Cependant, si peu de particuliers décident d’utiliser le dispositif par eux-même, les grandes entreprises, elles, sont souvent bien au courant de son existence, du fait qu’elles ont des obligations réglementaires sur des normes environnementales à respecter. Pour entrer dans ces normes, les entreprises décident d’elles-même d’utiliser les CEE, car dans tous les cas elles devraient effectuer des travaux, et les CEE leur permettent de rentrer dans leur budget.

Maintenant il y a des normes et des contraintes réglementaires qui obligent à faire ça (entrer dans les normes). Ensuite, à cause des coûts que l’énergie représente, les entreprises sont obligées de faire des actions parce que les prix montent sans arrêt.

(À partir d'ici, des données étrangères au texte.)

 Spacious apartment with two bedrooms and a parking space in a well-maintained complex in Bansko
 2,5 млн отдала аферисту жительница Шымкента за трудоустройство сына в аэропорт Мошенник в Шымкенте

Responsable CEE d’une grande entreprise

Les travaux sont-il correctement conduits ?

De plus, l’enjeu financier important crispe les énergéticiens. Le dispositif coûte cher pour eux et risque de coûter même plus cher s’ils ne parviennent pas à atteindre les objectifs.


Entretien avec l’ATEE

Lors d’un entretien avec un membre de l’ATEE, qui s’occupe de piloter le dispositif en tant qu’intermédiaire entre l’ADEME et les obligés, nous apprenons que les obligés, contraints par le gouvernements essaient de se décharger au maximum de leurs objectifs en délégant les opérations soumises à des CEE à des sociétés délégataires [10]. Parmi celles-ci se glissent des opérateurs peu scrupuleux, qui n’annoncent pas de devis précis, n’assurent aucun suivi des travaux, le tout pour valoriser au plus vite les CEE, explique le rapport de Tracfin 2018 [5]. Les obligés eux-mêmes ont la fâcheuse tendance de choisir des sociétés délégataires souvent peu compétentes afin de diminuer leurs coût. La CAPEB dénonce cette pratique fallacieuse, et s’indigne : il s’agit pour les travailleurs agréés d’une concurrence déloyale, car les clients préfèrent « Changer de chaudière pour 1€ » malgré un travail médiocre, plutôt que de faire appelle à une société plus qualifiée ne proposant pas la subvention CEE. L’ADEME oppose que ce type de pratique ne concerne que les CEE précarité, qui est un second type de certificat adressé aux ménages modestes en condition de précarité énergétique. Ces opérations de rénovation sont soumises à des subventions plus fortes, mais également plus valorisées en terme de volume de CEE.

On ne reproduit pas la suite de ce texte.